The big lack in last weeks parade was the absence of bands. Fair play to the two that were there what would we do without the Ardaghey boys but one pipe band and a childrens troupe is not sufficient for a spectacle that draws thousands of people into town some travelling long distances to be there.
Our town has advanced over the past few years in that we now have a professional set-up, with a paid manager executing chamber policy. Planning for next years parade should start today we need more bands, samba groups, percussion ensembles, Disney characters, stilt walkers - anything that injects life, movement and excitement into a spectacle that has become a bit too procession-like and static. If necessary, business people who benefit should be asked to sponsor a specific outfit.
Having said that, well done to those who entered floats - the people who made a huge effort to take part and present their company or organisation in the best possible light - and congratulations to all the well deserved prizewinners - the sub-aqua, in particular, was terrific.
But we need to move forward - and now is the time. We must go out and recruit for next year - there are all too few quality bands and entertainers - and all too many chasing them.
Compromise needed in the interpretation of Health and Safety
The recent closure of several stalls on the French market in the Diamond, under Health and Safety legislation, is yet another example of well meaning local enterprise to stimulate tourism and local commerce being thwarted by what appears to be excessively dutiful interpretation of EU health and safety rules pertaining to food in the northwest. A colourfully Gallic display of French foodstuffs, not available locally, but being enjoyed for that weekend by locals and visitors alike, was seriously damaged by the actions of the health and safety officials, causing annoyance to the traders and great embarrassment to Donegal Town. Why should these stalls have been closed in Donegal when they had operated without problem throughout France, Dublin, Belfast and other parts of Ireland?

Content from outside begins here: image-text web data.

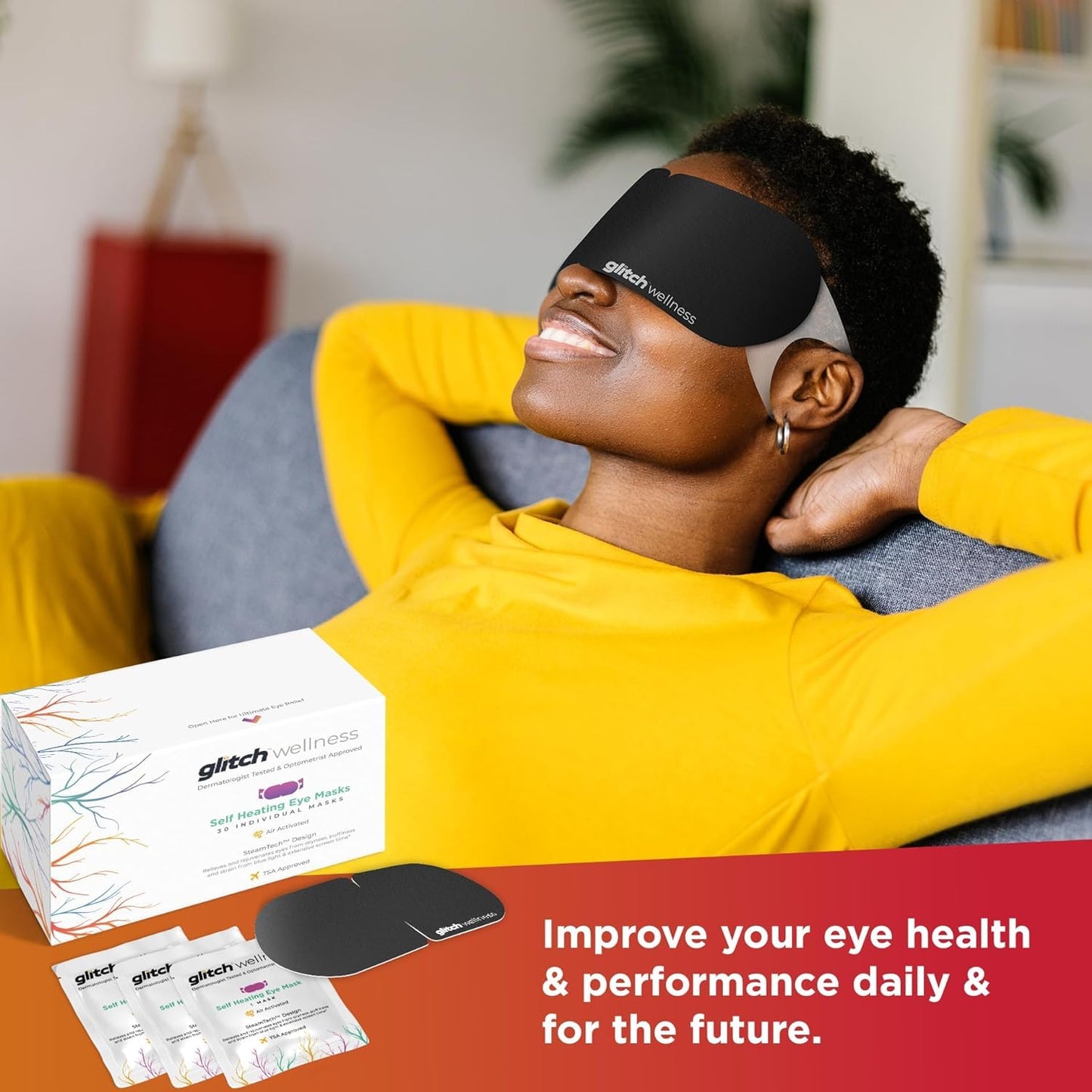 Wellness Steamtech Self Heated Eye Masks for Dry Eyes - 30 Eye Warm Compress for Fatigue and Dryness - Steam Eye Mask for Dry Eyes, Dry Eye Relief Product, 30 Disposable Eye Mask Heated.
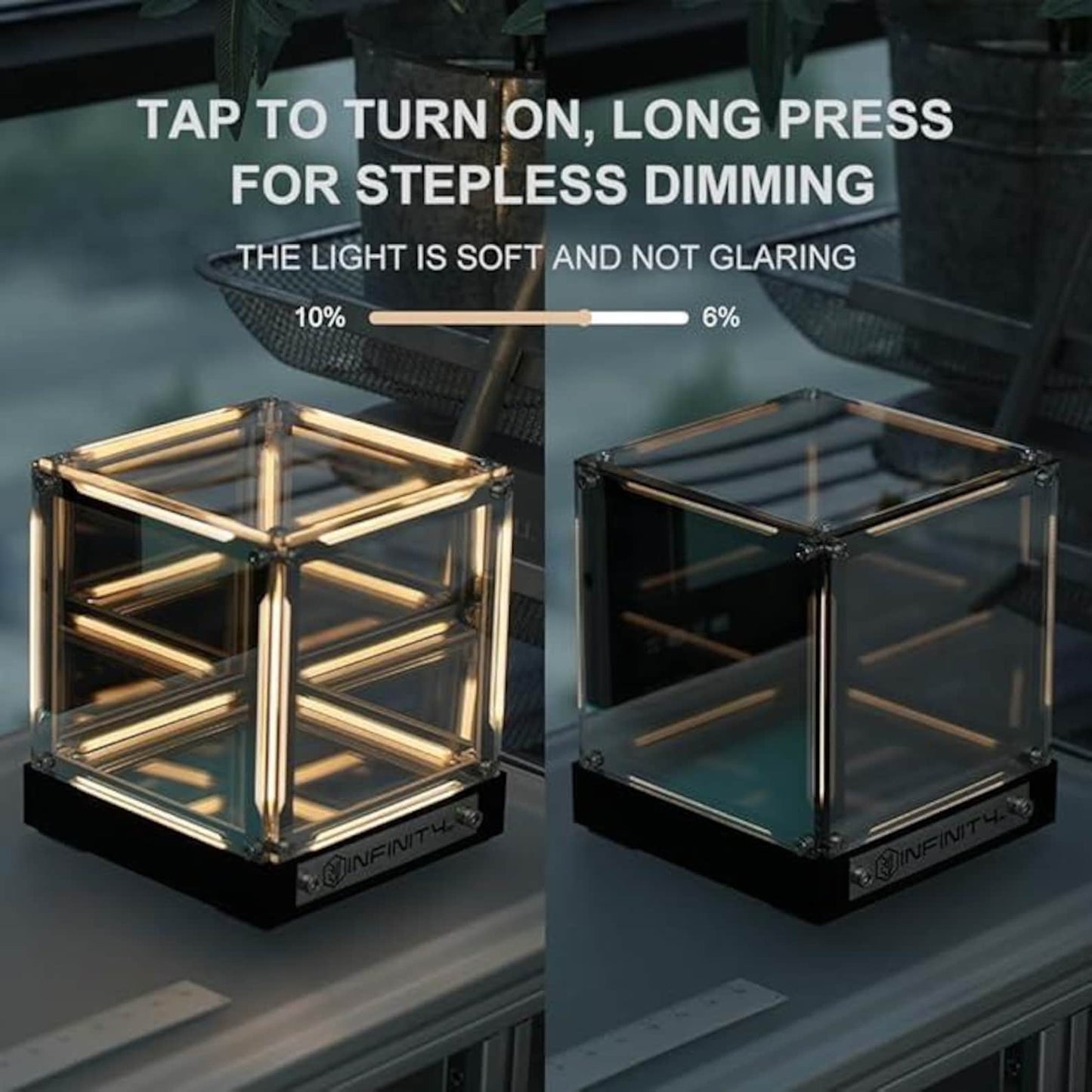 Infinity Cube LED Light geometric depth illusion lamp glowing desk decor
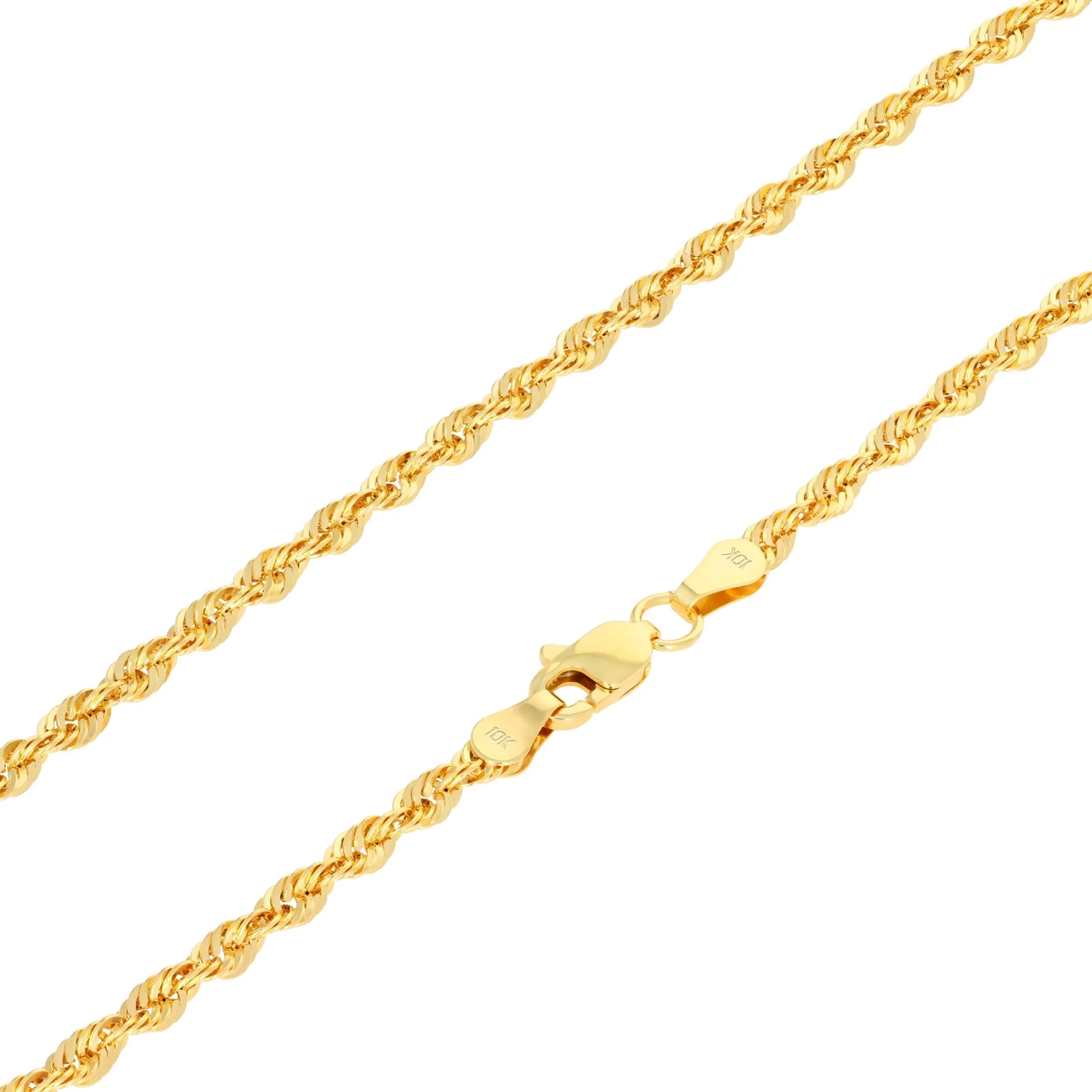 10K Real Yellow Gold 3Mm Rope Chain Diamond Cut Lightweight Necklace (16"-30") Italian Jewelry for Men & Women
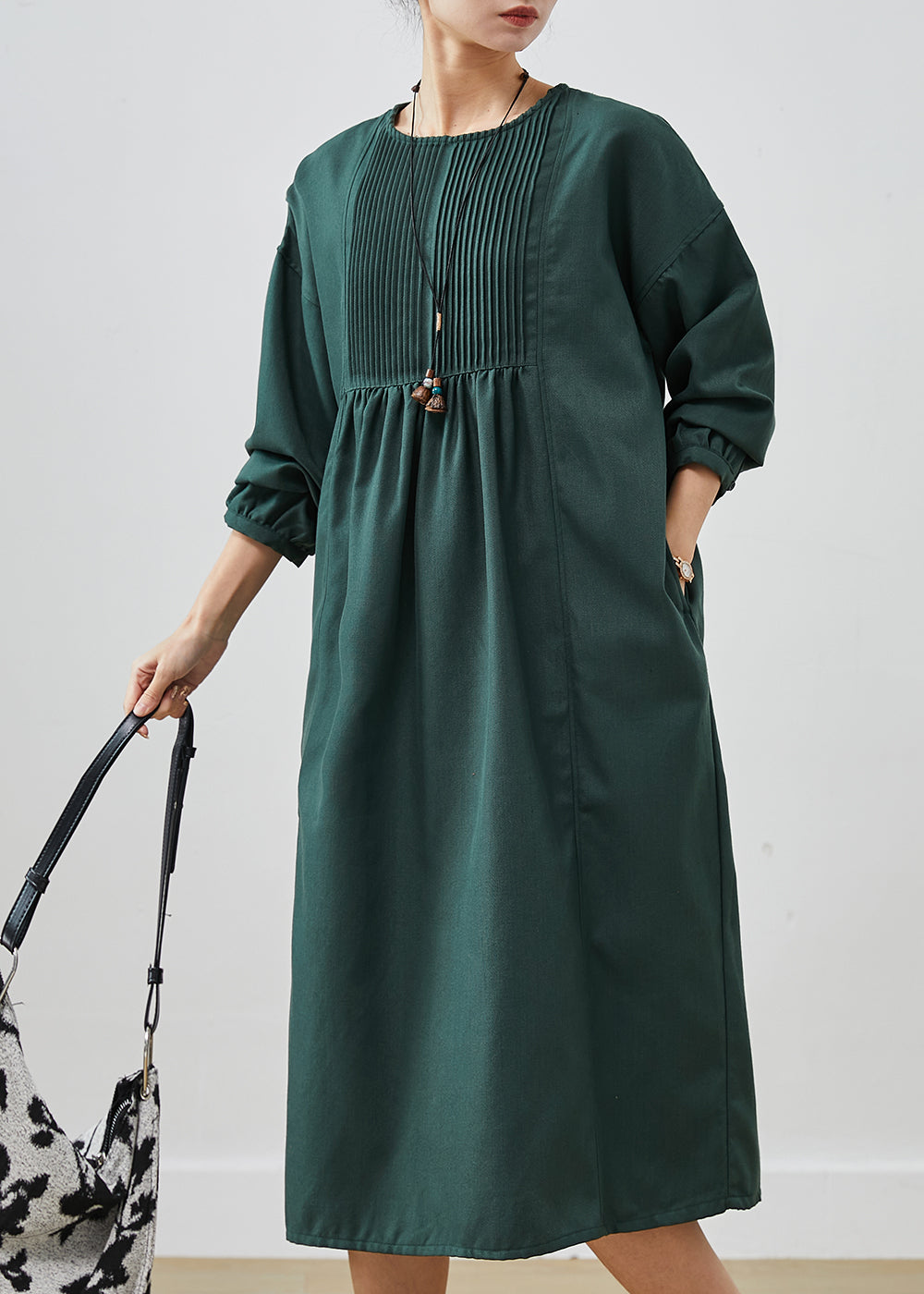 Blackish Green Cotton Holiday Dresses Oversized Wrinkled Spring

Health and Safety regulations relative to food are vital but in the northwest there seem to be many instances of excessive implementation to the detriment of commercial and charitable initiatives involving food. Officials require the production of onerous records on hygiene, food segregation and precise refrigeration temperatures the keeping of these records is one of the factors significantly contributing to the costs of food in Ireland relative to that on the continent.
In France, Spain, Italy or Portugal, every town has open and closed markets where an array of olives, cheeses, salamis, figs, vegetables and many other foodstuffs are sold in close proximity to each other. These countries are all in the EU, subject to EU rules but the interpretation is in marked contrast to what is practiced in Ireland at large, but particularly in the northwest, where increasingly the Irish person and visitor is only permitted by the bureaucrats to eat sanitized, plastic wrapped, segregated foodstuffs. Local barbecues for sporting or charity events are becoming a thing of the past as the organizers are in fear and trembling of officialdom. Yes, health and safety regulations should be enforced - but with interpretation allowing some compromise.
The powers that be in our elective representatives must sit down with these health and safety officials and agree a pragmatic level of commercial compromise in the interpretation and application of these rules before ultimately we are only allowed eat plastic wrapped food and Ireland of the Welcomes has been kissed goodbye.
We have been asked by Mr Kevin Martin to state that, contrary to the opinion piece in our last issue, he has no connection whatsoever with the development taking place behind All Sports, that opens on to the Diamond/Main Street car park. We apologise for any embarrassment caused.